Ganjyal and his study co-authors replaced refined flour with whole-grain buckwheat, quinoa, millet and whole-wheat flours in a variety of percentages ranging from 25 up to 100% apiece. The results were published in the journal Cereal Chemistry.
The team found that buckwheat, quinoa and whole-wheat flours can be mixed into pancake recipes without significant changes to the taste or texture. The millet flour had to be slightly pre-cooked before it could be added seamlessly.
“We started with a small level of replacement flours, then kept increasing them until it wasn’t practical,” Ganjyal said. “With millet flour, for example, we found that it basically just crumbles; there was no binding.”

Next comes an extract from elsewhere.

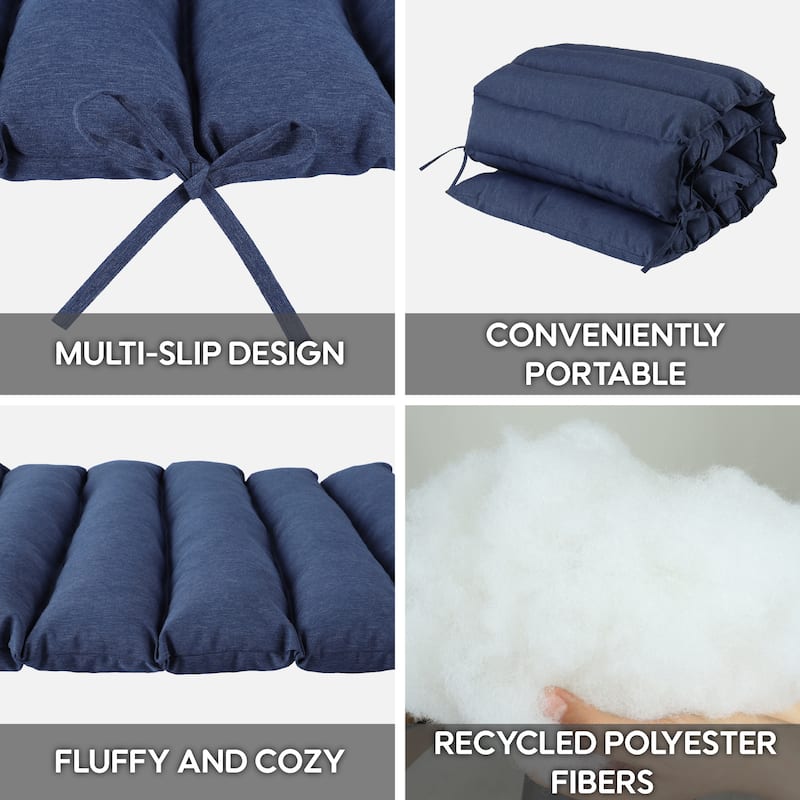 Outdoor Lounge Chair Cushion Replacement Set of 2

Every pancake made in the study aimed at making more nutritious pancakes used the same recipe, except for the type of flour included. The recipe’s leavening system and other ingredients like sugar, oil, flour and salt remained constant. The recipes with the different flours and percentages were compared with the control pancakes, which were made with refined flour and all of the same other ingredients.
The study was part of WSU’s Soil to Society project, which launched in 2021 with a grant from the USDA’s National Institute of Food and Agriculture. The project takes a comprehensive approach to increasing foods’ nutrient values and involves a multi-disciplinary team of plant breeders, nutrition experts and food scientists. Ganjyal hopes flour manufacturers will use the research to produce healthier products for restaurants and consumers.
He is already continuing the research by trying to understand why various flours behave differently under cooking conditions. He and his team hope to modify the flours so their textures become indistinguishable from the refined version.